Lyra is a concurrent programming model based on the finite state machine theory and rendezvous-style communication. It is also the name of the hardware modeling language that is based on the Lyra model. Lyra's main purpose is to model digital hardware at high abstraction levels. It aims to bridge the semantic gap between the transaction level (TL) and the register transfer level (RTL). Currently at the ECE Department of Boston University, we are actively working on the theoretical aspects of the model and implementing the related tools. Our goal is to create a framework that models, synthesizes and verifies digital hardware at TL.

Lyra is named after its namesake constellation. In ancient Chinese legend, Lyra is a cloud-weaving maid (Vega) with her weaving shuttle. She is separated by the Milky Way from her herdboy husband (Altair) and two children (Alshain and Tarazed). They are allowed to have a rendezvous on July 7th of each lunisolar year.

Rationale

Many recent ESL tools adopt high-level programming languages such as C++ for quick development of functional models at TL or higher. Although some tools provide limited synthesis capability, TL models are generally considered not synthesizable. Circuits are still predominantly implemented in hardware description languages (HDLs) at RTL. The duplicate modeling and implementation effort leads to not only wasted productivity, but also the extra burden of verification between the model and the implementation. We believe the gap between modeling and implementation is largely due to the fact that the current ESL tools focus primarily on design languages, but sidestep the fundamental problem of formal modeling. A successful ESL tool needs to have a formal theoretical foundation that is sufficiently versatile for different levels of abstraction between TL and RTL. Unfortunately, none of the well-studied models of computation (MoCs) meets the requirement. For instance, the well-known discrete-event (DE)^[1] model is sufficiently general to model digital hardware at the gate level or above, but is not capable of representing the communication primitives at the transaction level. High level models such as the Kahn Process Network (KPN)^[2] or the Communication Sequential Process (CSP) ^[3] are convenient at the transaction level but lack the expressiveness for fine-grained resource contention and arbitration at the microarchitecture level or RTL.

The Lyra model aims to close the gap.
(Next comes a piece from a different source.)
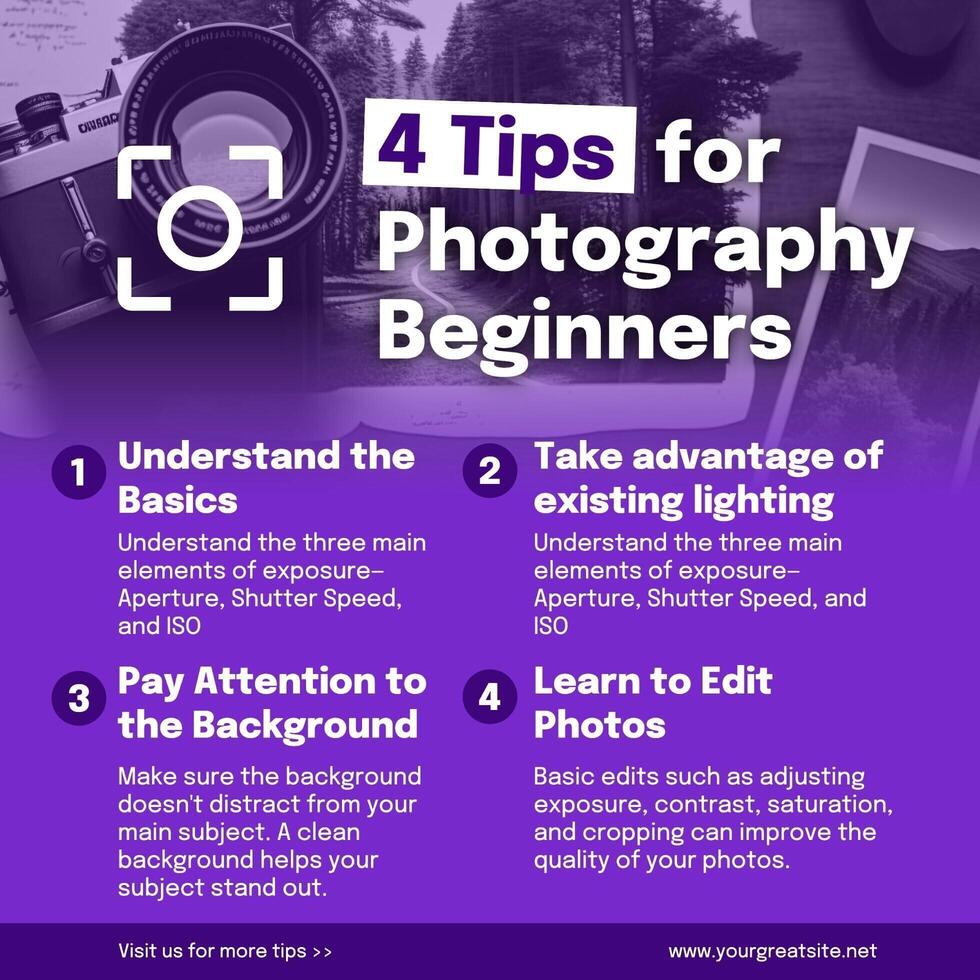 Tips for Photography Beginners Linkedin Post template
It models transactions using rendezvous, which is a formal and flexible means for inter-process communication. It uses the familiar extended finite state machine (EFSMs) model to represent processes, whose explicit representation of control flow is convenient for composing rendezvous. The combined expressiveness of rendezvous and EFSM allows Lyra to model hardware at any level from RTL to TL.

Rendezvous

Rendezvous is a synchronous handshaking mechanism among processes. In its simplest form, two processes waits for each other at a rendezvous point when they expect to handshake. When both parties are all present, the rendezvous occurs, allowing both processes to continue to progress. Rendezvous may also serve as a medium of communication. Data values can be exchanged between the processes as the rendezvous occurs.
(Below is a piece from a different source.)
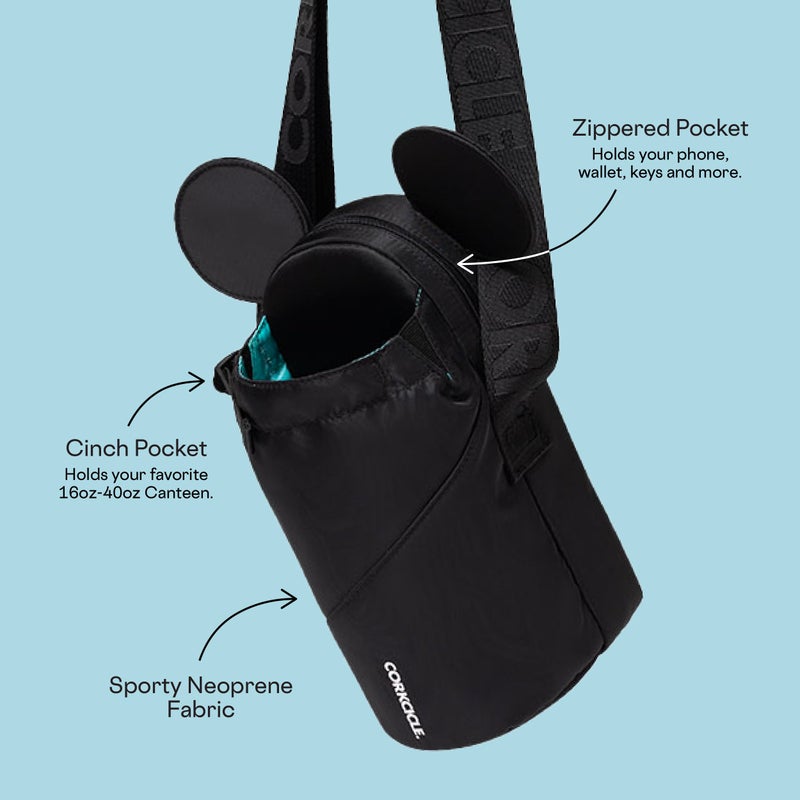 كوركسيكل حقيبة Corkcicle x Disney Minnie Mickey Mouse Ears Crossbody لزجاجة المياه باللون الأسود تناسب كوب بسعة 16-40 أونصة - عناصر آمنة في حامل زجاجة المياه مع حزام - Image 4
Rendezvous appeared in concurrent programming languages such as Ada^[4], Occam^[5], and Lotos^[6], as well as in process calculi such as CSP^[3] and CCS^[7]. Recently in EDA area languages such as Handel-C^[8], Haste^[9] and SHIM^[10] were proposed to model hardware and systems. Compared to function-call-style transactions, rendezvous offers the following advantages:

• Rendezvous connect processes directly, vs.
  functions connect processes indirectly via shared variables or message channels;
• Rendezvous are symmetric and only occur when involved parties agree to participate, vs.
  functions give callers full control of invocation;
• Rendezvous support multipartiness, vs.
  functions involve only two parties in every invocation.
• Rendezvous allows parallel composition, vs.
  functions are sequential and do not support composition.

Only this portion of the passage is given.